As coisas não saíram como havia planejado. Retornou para dentro do escritório e se preparou para o harakiri. Ao seu homem de confiança e possível amante, Masakatsu Morita, pediu que o decapitasse com sua valiosa espada depois que ele abrisse suas tripas, sem deixá-lo sofrer muito. Mas Morita (que em seguida também faria o harakiri), falhou o golpe nada menos que três vezes, atingindo-lhe os ombros, as costas, o pescoço, mas sem acertar-lhe a cabeça.
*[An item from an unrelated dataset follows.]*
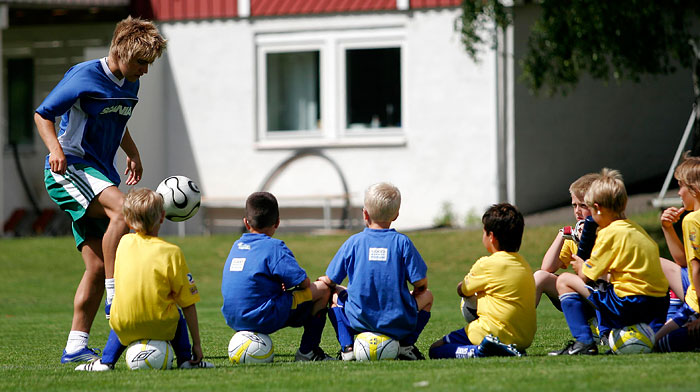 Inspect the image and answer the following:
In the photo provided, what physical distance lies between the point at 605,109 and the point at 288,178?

Outro dos acólitos, Furu Koga, mais versado ou menos nervoso, arrebatou-lhe a espada e se encarregou da decapitação. Logo fez o mesmo com Morita, quem, faltando-lhe forças desde o princípio, só conseguiu fazer um arranhão em sua barriga com a adaga. As cabeças caíram sobre o tapete. Mishima tinha 45 anos, e dizem que, sempre teatral, nessa mesma manhã havia entregue sua última novela a seu editor. Em certa ocasião havia dito sobre o harakiri que era "a masturbação definitiva". Seu pai se inteirou do ocorrido pela televisão: ao ouvir a notícia do assalto a Ichigaya pensou: "Agora terá que ir pedir desculpas à polícia e tudo o mais". "Pois que vá!". Logo escutou sobre o restante, harakiri e decapitação, e confessou mais tarde: "Não me senti muito surpreendido: meu cérebro rejeitava a informação".